### MATERIAL PROVIDED
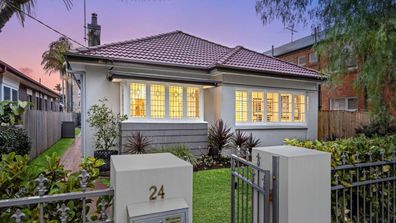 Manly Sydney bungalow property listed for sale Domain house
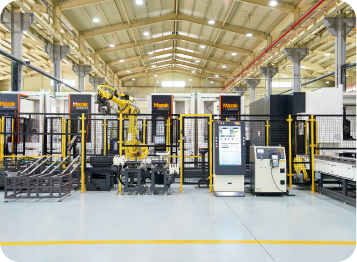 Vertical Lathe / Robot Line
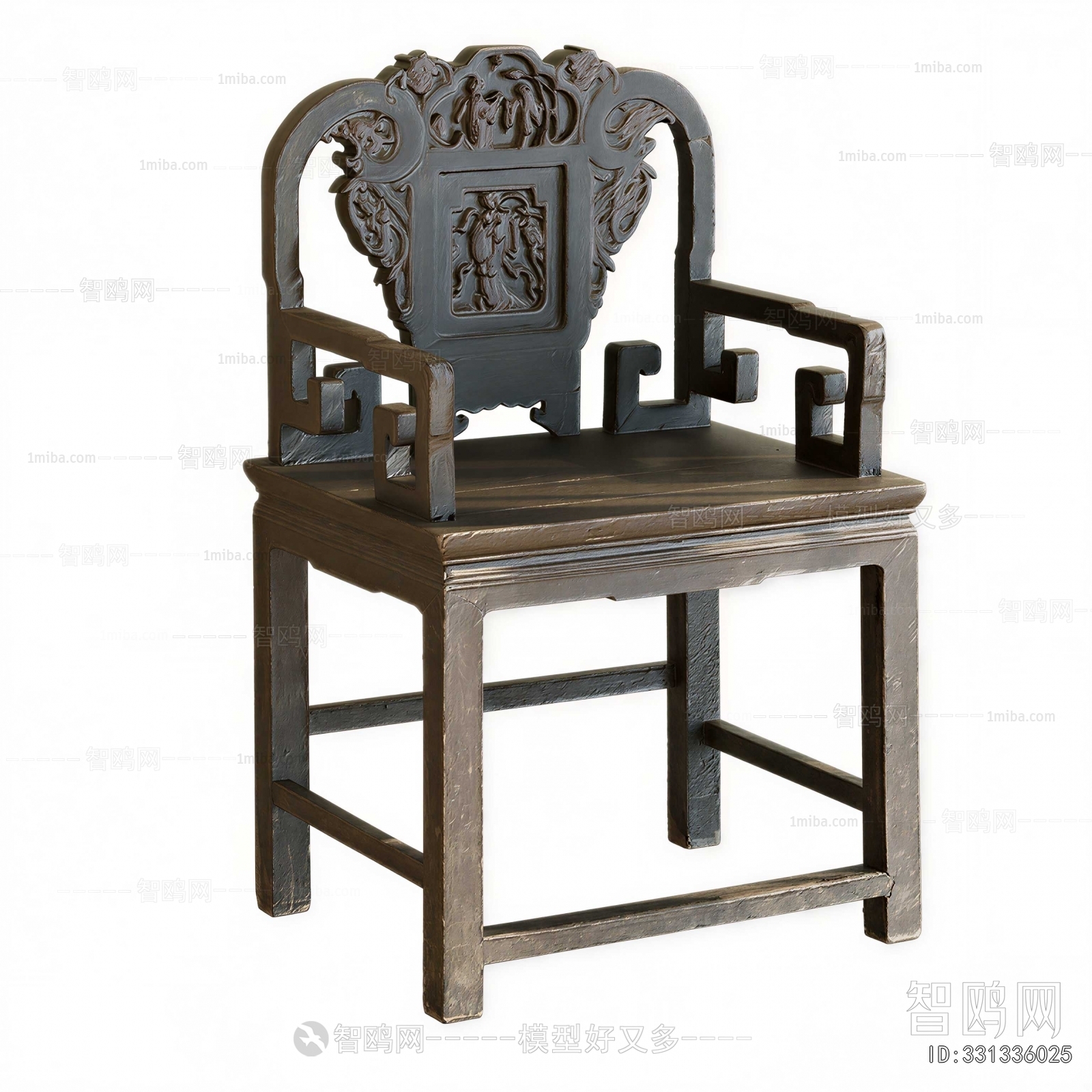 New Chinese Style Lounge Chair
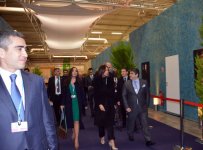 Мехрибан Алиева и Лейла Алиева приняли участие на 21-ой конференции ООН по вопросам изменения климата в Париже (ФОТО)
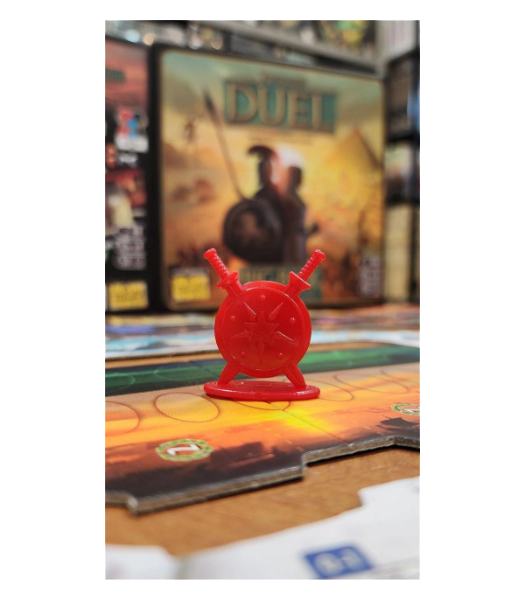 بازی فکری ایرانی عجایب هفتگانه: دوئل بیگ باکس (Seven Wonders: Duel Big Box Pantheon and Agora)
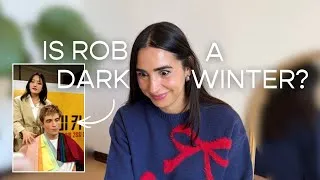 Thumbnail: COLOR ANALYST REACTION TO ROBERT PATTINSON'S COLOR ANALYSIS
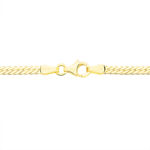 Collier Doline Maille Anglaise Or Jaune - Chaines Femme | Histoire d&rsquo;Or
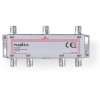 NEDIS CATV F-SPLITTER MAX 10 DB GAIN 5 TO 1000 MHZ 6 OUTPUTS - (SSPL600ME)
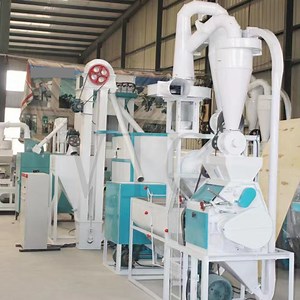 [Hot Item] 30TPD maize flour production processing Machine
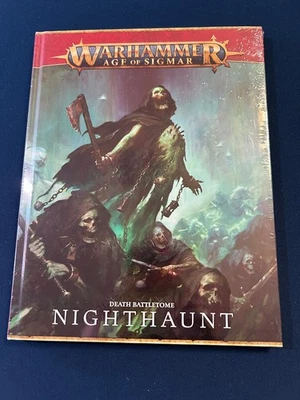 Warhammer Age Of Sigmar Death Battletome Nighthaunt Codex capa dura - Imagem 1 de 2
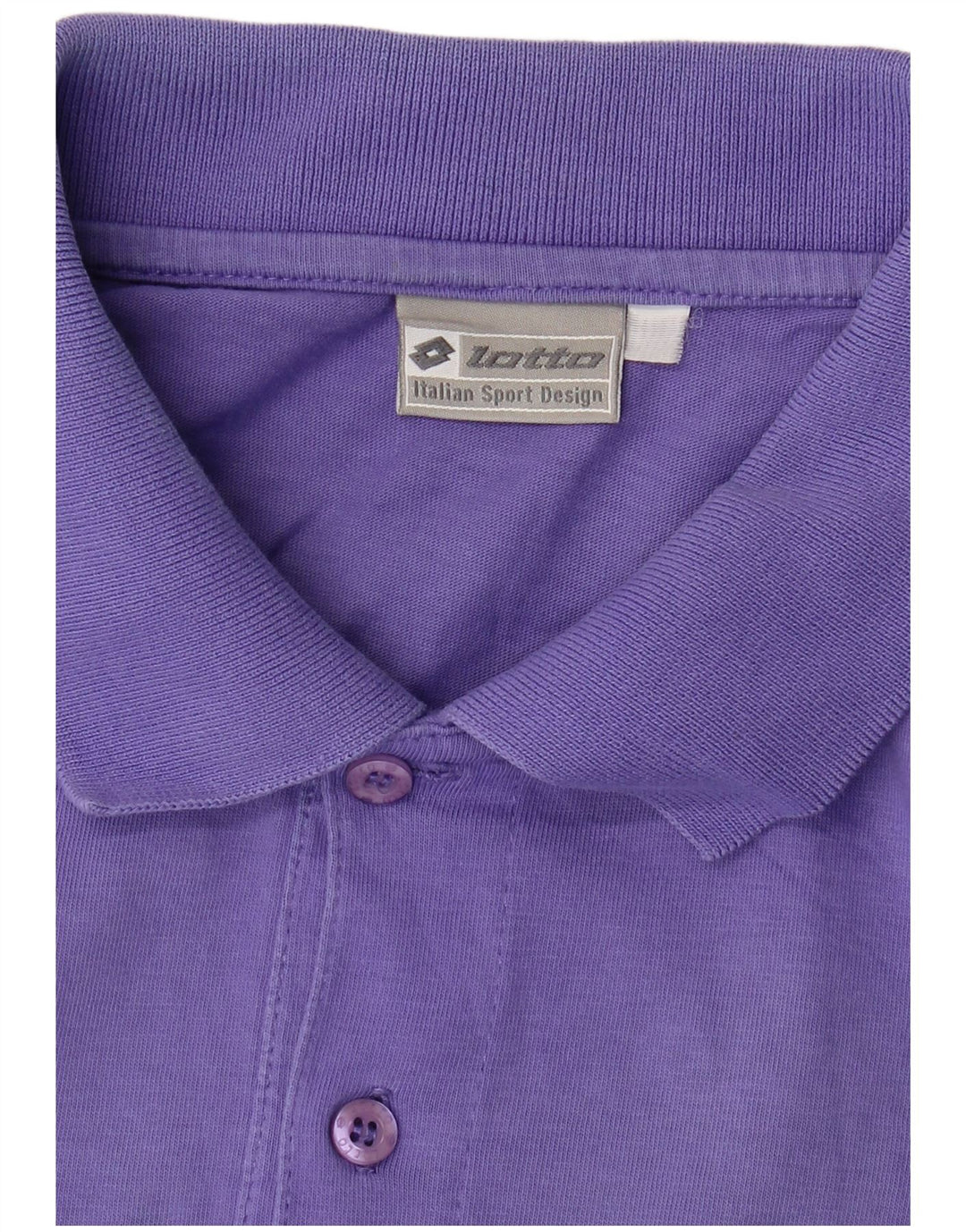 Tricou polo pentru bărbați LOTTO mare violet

### EXERCISE BRIEF
Copy exactly the lines from the line that holds "Warhammer Age Of" to the end of the listing, both included. Leave the pictures out.

### RESULT
 Warhammer Age Of Sigmar Death Battletome Nighthaunt Codex capa dura - Imagem 1 de 2
 Tricou polo pentru bărbați LOTTO mare violet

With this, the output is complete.